Unpaid Aides Gain Ears of Russia's Pols
| MOSCOW
Vladimir Pchyolkin is not chairman of any committee in the Russian parliament, although he is a member of the none-too-central Committee for Geopolitical Questions.
No, he is just a Duma deputy getting through the legislative day with the help of 294 aides.
That's right: 294.
Many Russian members of the Duma, the rough equivalent of the United States House of Representatives, get quite a bit of help. Radical nationalist leader Vladimir Zhirinovsky, as a Duma deputy, reportedly has 204 aides. Deputy Nikolai Medvedev has 166.
By contrast, Duma Speaker Gennady Seleznyov has two paid and no more than 10 unpaid assistants. US House Speaker Newt Gingrich (R) has between 40 and 45 aides between his Washington and Georgia offices.
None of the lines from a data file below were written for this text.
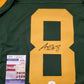 Green Bay Packers Amari Rodgers Autographed Signed Jersey Jsa Coa
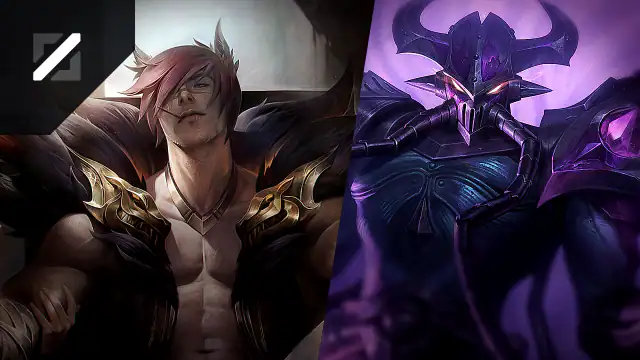 Sett versus Kassadin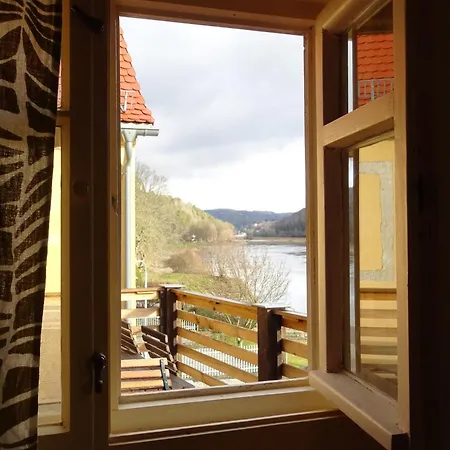 Appartement Ferien Im Denkmal An Der Elbe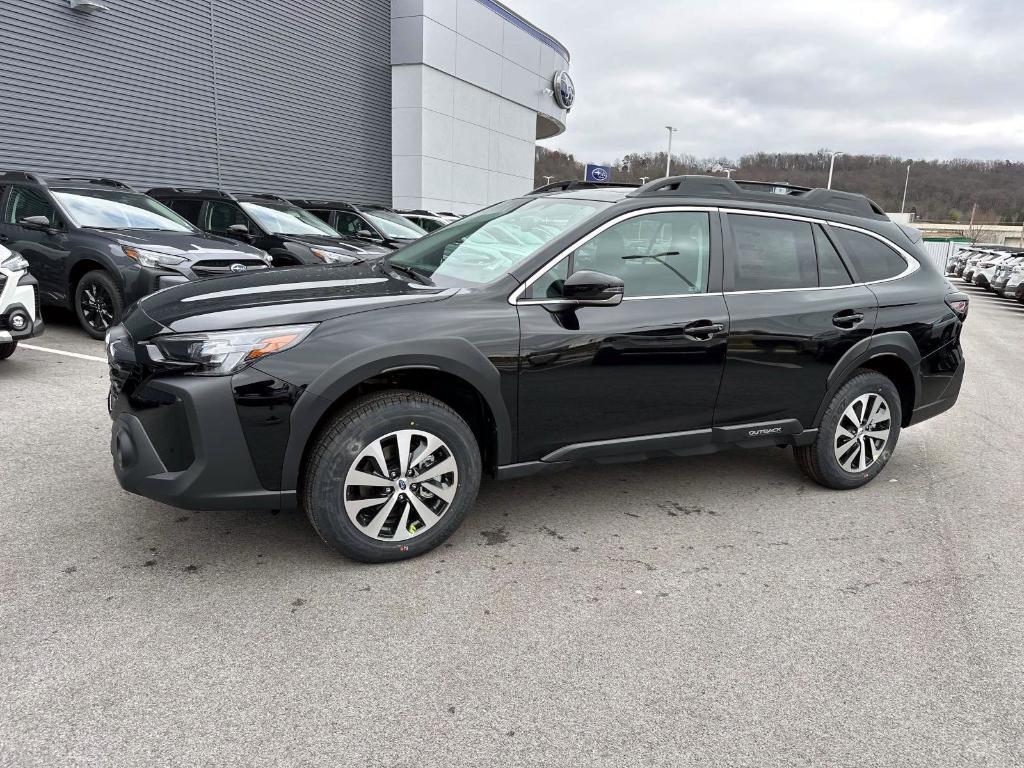 new 2025 Subaru Outback car, priced at $36,769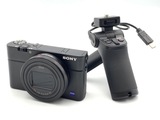 中古】ソニー Cyber-Shot DSC-RX100M7G シューティンググリップキット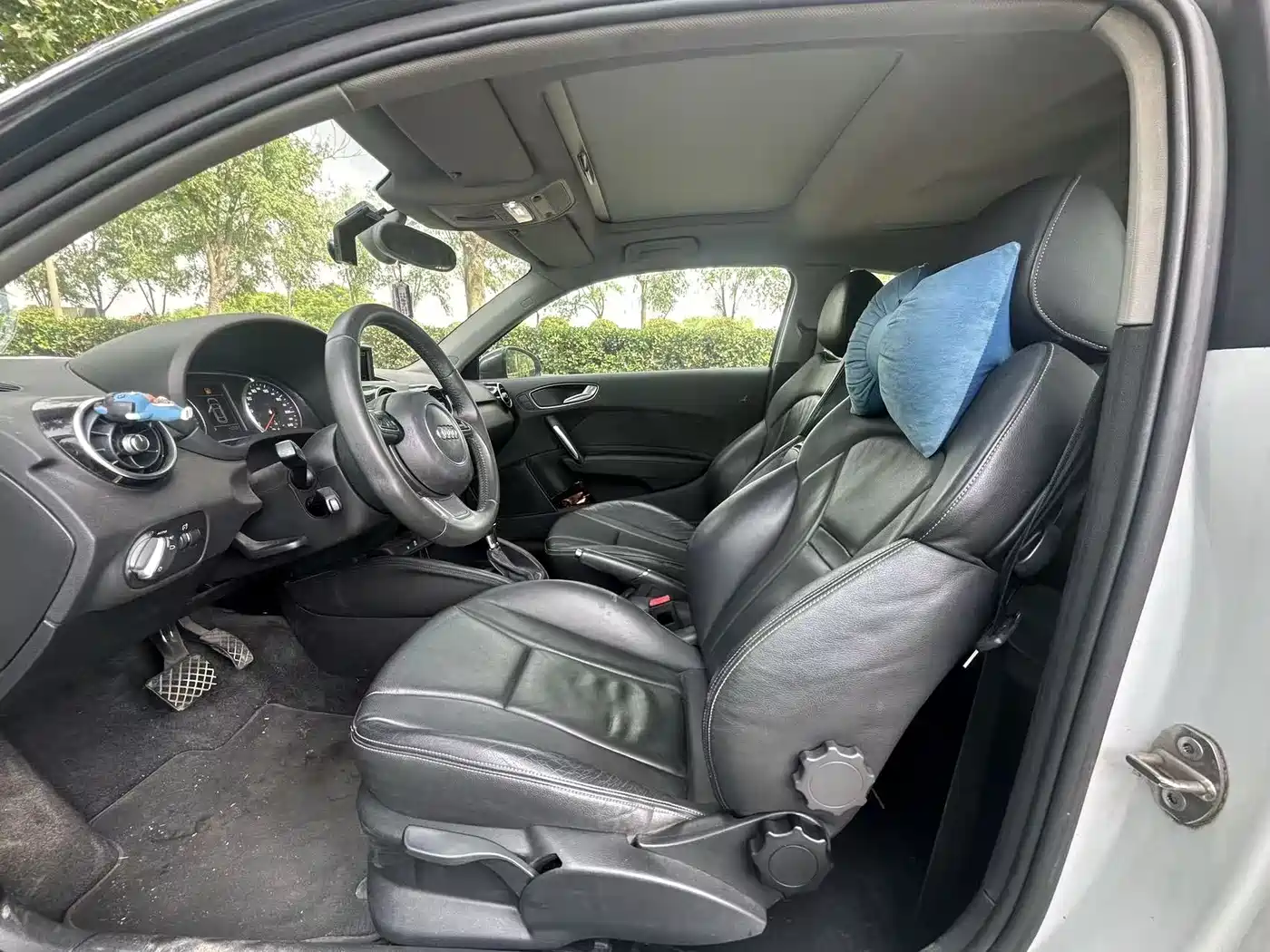 Audi A1 2014 30 TFSI Comfort фото 4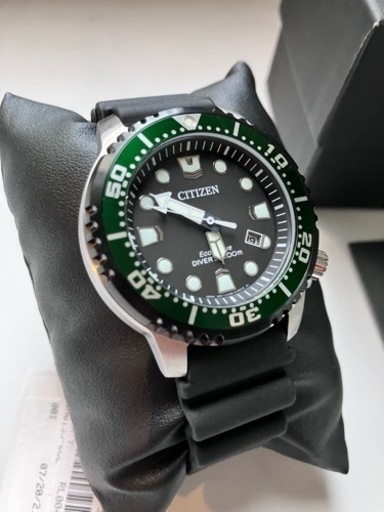腕時計　CITIZEN シチズン プロマスター　 BN0155-08E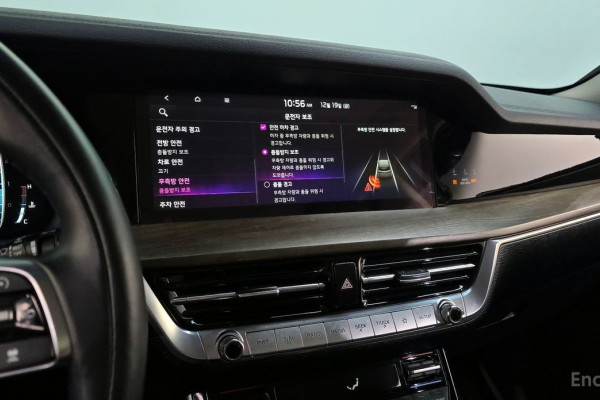 2022 Kia Mohave с пробегом 41 336 км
By law, each Duma deputy receives the equivalent of twice his or her own salary to hire aides. That comes to around $600 a month, total. Deputies typically hire between two and five full-time professional staffers with that amount. But they can add an unlimited number of volunteer aides.
The volunteer aides receive the same credential as the professionals, opening up to them more than just access to the Duma corridors and offices. People carrying credentials as an aide have unimpeded access to any government office or ministry in Russia, use of computers and copying equipment, and free transportation in Moscow or their home region, wherever they are based.
For many aides in towns and villages around Russia, the free transportation alone makes it worth their while to report in on problems with local pension payments or the spring harvest.
Lobbying from the inside
But for another sort, the appeal of the credential is to flash it as a way to waltz into the office of the head of local administrations - important people to Russian businesses - and be taken seriously. Aide status will also ward off most problems with traffic police or the local militia.
A lobbyist for a defense industry, for example, would love to be able to walk directly into the Defense Ministry to seek out purchasing officials. Others try to penetrate the Foreign Ministry to help friends or acquaintances with travel problems. (Under the previous foreign minister, the ministry's lobby guards were ordered to send Duma aides packing, in spite of their legal right to access.)
When Viktor Besakhov arrived in Moscow from Dagestan, he says he believed that to operate successfully as a businessman in the big city, he would need a credential as a Duma aide. So he bought one, he says, from "Magomed" - another Dagestani he met in the lobby of the Hotel Rossiya. He won't say for how much.
So he was not worried when his local militia called him into the station for lack of a permit to live in Moscow. He just pulled out his Duma credential, proving him to be an assistant to well-known democratic Deputy Mikhail Men.
It was a sting operation, however. When Mr. Men arrived at the station house 1-1/2 hours later, he found he had never seen his "assistant" before.
In fact, Men has discovered he has 68 aides that he has never heard of, all issued real Duma credentials by the central Duma staff. His signature on their documents is a blatant forgery. Most of the names, like Mr. Besakhev's, are typical of the Caucasus Mountains, although Men's district is near Moscow.
Men is eager to smoke out the rest of these phony aides before they sully his name in some unsavory business. He says that other Duma deputies have privately confided that they have discovered the same problem on their staffs. A businessman recently killed in the Siberian town of Belovo was found to be carrying credentials as an aide to a nonexistent Duma deputy.
Marina Rubinina, the main aide to the actual deputy from that Siberian district, says that shady businessmen like the higher levels of contacts the aide credential brings. "They like to be received by the heads of administration ... to go into government offices and be treated like serious people,'' Ms. Rubinina says.
Her boss, Communist Deputy Yuri Chunkov, notes that the not-infrequent reports that Duma aides have been killed are misleading. These victims carry the credentials of aides, often legitimately, but their business is usually criminal, he says. The killings are not an attack on the government or a politician but just violence between criminal groups.
Most of these killings have involved aides to deputies in Mr. Zhirinovsky's Liberal Democratic Party of Russia (LDPR).
A form of pay for helpers
Anatoly (The Frenchman) Frantsevich, an aide to LDPR deputy Alexander Filatov, was killed by a car bomb earlier this month. It was the second aide Mr. Filatov lost this year. The previous one was reputedly an active member of the Solntsevo gang, a major mafia group in Moscow. Zhirinovsky himself lost an aide already this year, one who was reputedly active in the Smolensky crime gang.
Most aides to the Duma are upstanding citizens. Deputy Men has 70 legitimate aides, most of whom are women who helped his election campaign. The only way he has to repay them, he says, is to give them jobs that offer free transportation and a meaningful role in helping him keep in touch with his district.
Even Mr. Pchyolkin, with his 294 aides, says he has his reasons. He is the youth organizer for the LDPR, so he has a national network of contacts - all armed with Duma credentials, the card that gets them anywhere they need to be.